Война с Афинами была решена.

Как только Филипп оправился от ран, началась подготовка к войне с афинянами. Базилевс нещадно муштровал войска, поскольку отдавал себе отчет в том, к каким последствиям может привести поражение. Слишком велики были ставки в затеянной им игре, где проигравший мог потерять всё. Но царь Македонии слишком долго шел к этой войне, чтобы отступить в последний момент. Ему нужен был только повод, чтобы открыть боевые действия. И здесь удача внезапно улыбнулась Филиппу. Совет амфиктионов объявил очередную Священную войну в Греции и поручил македонскому базилевсу покарать святотатцев. На этот раз в роли безбожников оказались жители города Амфисса в Локриде, как и фокейцы, они покусились на имущество храма Аполлона в Дельфах. Правда, сам храм не грабили, а просто распахали земли на священной равнине к югу от святилища. Только не учли, что сельским хозяйством там заниматься запрещено, и поэтому их поступок в глазах остальных эллинов будет выглядеть кощунством.

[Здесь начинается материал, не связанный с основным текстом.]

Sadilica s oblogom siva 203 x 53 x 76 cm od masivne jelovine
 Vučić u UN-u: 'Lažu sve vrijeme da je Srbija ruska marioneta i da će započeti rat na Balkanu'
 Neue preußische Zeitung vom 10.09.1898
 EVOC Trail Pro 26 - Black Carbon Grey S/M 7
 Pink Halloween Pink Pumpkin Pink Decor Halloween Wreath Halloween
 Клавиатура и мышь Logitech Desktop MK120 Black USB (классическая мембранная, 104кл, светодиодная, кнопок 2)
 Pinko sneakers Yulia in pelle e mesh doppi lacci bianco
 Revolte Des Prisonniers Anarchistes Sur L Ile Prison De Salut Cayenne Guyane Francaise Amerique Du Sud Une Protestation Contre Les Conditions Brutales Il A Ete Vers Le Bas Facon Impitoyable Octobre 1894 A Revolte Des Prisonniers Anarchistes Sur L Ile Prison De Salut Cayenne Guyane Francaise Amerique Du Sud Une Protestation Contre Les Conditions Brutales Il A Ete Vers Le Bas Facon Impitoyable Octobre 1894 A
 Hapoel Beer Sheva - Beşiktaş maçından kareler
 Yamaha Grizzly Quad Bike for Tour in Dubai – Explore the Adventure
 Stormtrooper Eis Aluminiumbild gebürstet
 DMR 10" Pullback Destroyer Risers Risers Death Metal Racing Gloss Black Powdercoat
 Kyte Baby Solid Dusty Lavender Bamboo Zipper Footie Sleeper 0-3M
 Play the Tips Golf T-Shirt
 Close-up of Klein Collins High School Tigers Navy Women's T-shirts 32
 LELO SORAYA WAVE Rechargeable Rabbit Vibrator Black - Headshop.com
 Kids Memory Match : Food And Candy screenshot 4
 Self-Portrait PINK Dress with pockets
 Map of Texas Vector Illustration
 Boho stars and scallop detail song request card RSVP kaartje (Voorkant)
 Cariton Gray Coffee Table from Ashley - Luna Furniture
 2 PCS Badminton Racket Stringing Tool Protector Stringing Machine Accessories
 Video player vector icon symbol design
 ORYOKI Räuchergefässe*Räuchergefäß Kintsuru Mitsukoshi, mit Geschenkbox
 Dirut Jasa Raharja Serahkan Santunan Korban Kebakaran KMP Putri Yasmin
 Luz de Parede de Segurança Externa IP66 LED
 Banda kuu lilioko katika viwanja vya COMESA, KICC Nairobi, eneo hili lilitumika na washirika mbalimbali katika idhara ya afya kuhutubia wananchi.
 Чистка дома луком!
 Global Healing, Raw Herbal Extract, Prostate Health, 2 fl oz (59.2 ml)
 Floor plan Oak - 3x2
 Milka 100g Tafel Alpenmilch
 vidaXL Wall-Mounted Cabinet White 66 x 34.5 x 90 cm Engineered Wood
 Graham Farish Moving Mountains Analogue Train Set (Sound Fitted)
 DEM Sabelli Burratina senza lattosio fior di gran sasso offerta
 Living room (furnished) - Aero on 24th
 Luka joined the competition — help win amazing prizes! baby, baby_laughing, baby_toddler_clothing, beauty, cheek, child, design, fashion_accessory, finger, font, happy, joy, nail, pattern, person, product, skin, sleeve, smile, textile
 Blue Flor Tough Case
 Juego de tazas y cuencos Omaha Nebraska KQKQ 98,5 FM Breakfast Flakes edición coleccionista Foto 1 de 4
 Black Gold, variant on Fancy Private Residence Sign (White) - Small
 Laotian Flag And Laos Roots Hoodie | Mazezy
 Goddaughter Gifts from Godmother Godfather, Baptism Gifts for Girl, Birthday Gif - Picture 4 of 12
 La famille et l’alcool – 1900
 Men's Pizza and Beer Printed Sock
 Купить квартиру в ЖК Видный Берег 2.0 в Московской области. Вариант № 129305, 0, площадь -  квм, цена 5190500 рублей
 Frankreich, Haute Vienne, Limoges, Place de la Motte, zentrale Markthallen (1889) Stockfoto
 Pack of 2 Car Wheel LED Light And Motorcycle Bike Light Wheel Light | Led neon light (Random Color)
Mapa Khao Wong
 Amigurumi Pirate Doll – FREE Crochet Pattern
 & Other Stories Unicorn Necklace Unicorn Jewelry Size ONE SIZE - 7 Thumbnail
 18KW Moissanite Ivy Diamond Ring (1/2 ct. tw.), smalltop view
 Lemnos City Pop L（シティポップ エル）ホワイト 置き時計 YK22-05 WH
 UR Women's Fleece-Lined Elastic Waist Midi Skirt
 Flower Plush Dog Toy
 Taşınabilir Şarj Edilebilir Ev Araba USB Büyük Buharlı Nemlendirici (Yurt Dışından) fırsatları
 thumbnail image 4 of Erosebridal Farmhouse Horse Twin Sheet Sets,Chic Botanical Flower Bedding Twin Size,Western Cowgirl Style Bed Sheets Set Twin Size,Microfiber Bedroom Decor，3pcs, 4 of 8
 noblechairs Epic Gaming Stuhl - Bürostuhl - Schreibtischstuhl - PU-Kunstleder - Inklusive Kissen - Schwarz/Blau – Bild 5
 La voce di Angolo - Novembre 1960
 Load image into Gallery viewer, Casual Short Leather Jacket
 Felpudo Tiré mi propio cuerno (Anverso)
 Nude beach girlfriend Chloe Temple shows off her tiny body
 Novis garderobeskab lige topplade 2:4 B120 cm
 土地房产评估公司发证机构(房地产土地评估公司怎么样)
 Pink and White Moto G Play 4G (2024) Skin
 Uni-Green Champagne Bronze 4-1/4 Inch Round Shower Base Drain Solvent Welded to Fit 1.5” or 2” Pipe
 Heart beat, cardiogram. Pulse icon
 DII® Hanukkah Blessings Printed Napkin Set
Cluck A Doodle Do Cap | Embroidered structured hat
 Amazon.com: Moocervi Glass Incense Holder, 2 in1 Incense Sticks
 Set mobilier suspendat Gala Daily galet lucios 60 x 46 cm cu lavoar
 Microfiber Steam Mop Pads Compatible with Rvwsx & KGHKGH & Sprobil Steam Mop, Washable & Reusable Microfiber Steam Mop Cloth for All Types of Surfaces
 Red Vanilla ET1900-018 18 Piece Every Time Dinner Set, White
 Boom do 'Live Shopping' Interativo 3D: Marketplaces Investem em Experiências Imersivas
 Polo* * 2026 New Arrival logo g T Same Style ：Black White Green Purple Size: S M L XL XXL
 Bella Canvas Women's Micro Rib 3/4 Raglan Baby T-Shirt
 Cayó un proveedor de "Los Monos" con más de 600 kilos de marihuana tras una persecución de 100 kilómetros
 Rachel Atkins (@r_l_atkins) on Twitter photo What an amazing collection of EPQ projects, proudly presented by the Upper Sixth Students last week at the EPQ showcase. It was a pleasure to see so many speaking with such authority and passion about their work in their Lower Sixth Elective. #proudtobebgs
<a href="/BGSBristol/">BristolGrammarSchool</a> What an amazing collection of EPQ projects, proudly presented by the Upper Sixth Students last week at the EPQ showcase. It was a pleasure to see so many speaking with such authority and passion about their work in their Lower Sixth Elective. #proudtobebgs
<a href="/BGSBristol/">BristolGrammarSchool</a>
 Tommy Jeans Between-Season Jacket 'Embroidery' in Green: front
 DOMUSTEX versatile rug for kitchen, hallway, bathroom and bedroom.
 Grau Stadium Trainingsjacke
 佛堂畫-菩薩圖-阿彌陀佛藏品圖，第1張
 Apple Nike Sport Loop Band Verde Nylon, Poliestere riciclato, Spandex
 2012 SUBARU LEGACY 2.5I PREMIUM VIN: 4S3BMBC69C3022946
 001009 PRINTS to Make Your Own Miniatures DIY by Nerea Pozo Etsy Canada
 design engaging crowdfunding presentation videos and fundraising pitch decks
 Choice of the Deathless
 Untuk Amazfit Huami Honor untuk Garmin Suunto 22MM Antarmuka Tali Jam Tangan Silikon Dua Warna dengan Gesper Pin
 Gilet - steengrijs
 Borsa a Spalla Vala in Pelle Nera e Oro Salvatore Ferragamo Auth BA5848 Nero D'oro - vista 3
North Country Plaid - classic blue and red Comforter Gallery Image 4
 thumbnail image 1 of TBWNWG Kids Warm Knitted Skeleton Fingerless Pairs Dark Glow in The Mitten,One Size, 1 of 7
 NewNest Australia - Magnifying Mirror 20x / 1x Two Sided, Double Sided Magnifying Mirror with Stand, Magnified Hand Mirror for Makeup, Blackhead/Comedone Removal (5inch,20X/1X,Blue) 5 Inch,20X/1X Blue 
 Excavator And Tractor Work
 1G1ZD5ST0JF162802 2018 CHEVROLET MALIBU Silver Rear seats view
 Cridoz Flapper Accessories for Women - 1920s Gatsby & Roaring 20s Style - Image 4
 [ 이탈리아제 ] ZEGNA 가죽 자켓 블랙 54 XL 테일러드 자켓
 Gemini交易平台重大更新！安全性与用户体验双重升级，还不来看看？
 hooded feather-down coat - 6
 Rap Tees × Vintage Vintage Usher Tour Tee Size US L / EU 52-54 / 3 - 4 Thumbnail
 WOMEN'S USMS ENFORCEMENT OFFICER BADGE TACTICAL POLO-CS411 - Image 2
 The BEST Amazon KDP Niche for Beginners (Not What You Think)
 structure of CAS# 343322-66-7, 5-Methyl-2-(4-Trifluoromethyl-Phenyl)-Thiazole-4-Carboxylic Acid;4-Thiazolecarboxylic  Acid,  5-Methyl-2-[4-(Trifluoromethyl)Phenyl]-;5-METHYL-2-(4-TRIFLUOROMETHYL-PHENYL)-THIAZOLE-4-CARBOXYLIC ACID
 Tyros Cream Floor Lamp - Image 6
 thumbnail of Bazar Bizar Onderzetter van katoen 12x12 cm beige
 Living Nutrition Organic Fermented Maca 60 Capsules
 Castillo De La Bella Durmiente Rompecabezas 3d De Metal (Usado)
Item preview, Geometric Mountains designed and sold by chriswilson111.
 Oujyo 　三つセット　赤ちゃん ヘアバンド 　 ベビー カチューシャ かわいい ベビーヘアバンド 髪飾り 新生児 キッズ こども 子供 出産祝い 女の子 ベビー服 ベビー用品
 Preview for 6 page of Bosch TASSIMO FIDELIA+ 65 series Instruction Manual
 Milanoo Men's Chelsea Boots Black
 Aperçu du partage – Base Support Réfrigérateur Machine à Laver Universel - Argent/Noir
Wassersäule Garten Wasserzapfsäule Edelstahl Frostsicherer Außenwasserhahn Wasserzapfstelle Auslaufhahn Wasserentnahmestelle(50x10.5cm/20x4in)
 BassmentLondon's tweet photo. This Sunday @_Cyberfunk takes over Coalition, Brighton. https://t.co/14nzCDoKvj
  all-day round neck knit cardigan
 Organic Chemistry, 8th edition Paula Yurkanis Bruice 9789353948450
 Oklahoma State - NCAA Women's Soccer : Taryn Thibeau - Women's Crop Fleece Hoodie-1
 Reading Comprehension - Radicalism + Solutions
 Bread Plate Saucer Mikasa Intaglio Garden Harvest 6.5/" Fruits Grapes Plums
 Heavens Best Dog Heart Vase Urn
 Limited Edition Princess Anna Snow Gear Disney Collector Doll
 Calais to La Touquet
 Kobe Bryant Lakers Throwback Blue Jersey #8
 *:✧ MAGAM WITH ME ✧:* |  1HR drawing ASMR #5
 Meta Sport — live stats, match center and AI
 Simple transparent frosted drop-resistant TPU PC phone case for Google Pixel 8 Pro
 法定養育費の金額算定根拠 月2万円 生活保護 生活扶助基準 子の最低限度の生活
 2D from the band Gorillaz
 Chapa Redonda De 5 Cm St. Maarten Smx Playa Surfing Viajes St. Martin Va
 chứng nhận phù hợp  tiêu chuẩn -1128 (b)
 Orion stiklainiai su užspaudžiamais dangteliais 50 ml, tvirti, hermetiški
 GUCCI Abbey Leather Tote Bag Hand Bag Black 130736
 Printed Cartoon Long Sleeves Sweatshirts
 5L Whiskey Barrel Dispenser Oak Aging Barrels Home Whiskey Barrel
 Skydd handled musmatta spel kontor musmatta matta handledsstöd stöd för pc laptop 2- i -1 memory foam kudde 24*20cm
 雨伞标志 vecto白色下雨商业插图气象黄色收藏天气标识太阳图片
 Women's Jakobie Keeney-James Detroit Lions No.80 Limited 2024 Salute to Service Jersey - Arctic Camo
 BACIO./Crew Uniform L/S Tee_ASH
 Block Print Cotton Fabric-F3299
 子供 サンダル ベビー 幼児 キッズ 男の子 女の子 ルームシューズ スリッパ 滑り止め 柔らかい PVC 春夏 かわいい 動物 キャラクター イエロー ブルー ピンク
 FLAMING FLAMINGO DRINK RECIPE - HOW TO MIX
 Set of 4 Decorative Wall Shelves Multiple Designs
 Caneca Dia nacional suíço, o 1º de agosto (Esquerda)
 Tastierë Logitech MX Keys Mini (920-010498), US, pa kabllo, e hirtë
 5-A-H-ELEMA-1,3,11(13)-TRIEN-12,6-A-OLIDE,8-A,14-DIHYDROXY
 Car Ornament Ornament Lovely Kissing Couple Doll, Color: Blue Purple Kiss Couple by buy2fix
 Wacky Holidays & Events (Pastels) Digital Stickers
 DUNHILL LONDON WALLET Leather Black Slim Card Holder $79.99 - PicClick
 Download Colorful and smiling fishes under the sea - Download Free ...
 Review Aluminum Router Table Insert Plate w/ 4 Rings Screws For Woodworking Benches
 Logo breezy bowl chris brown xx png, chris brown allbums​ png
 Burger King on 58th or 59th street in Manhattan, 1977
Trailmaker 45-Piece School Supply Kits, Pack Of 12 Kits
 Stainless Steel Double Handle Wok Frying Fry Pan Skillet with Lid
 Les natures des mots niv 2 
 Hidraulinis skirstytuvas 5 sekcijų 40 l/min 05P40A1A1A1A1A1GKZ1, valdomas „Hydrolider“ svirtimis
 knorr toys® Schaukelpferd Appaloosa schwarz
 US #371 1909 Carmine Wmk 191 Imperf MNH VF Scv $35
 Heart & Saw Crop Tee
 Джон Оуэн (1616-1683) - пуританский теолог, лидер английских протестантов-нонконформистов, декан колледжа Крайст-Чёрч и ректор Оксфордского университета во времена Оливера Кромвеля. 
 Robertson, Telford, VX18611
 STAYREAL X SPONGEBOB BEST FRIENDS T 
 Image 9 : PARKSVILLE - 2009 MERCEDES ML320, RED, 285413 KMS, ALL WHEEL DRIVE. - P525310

Повод для вторжения в Грецию и вмешательства в её дела был просто великолепный, поскольку привлечь на свою сторону эллинов в борьбе с теми же эллинами было для Филиппа очень заманчиво. И самое главное, афиняне не могли ничего против этого возразить. Им очень не хотелось пускать в Элладу своего злейшего врага, но Священная война была объявлена, и они были бессильны что-либо изменить. А Филипп не медлил. Понимая, что в сложившейся ситуации промедление смерти подобно, он сразу же выступил с армией на юг. Лучшие македонские полководцы вели войска в этот поход, и на этот раз Филипп взял с собой сына, которому недавно исполнилось 18 лет.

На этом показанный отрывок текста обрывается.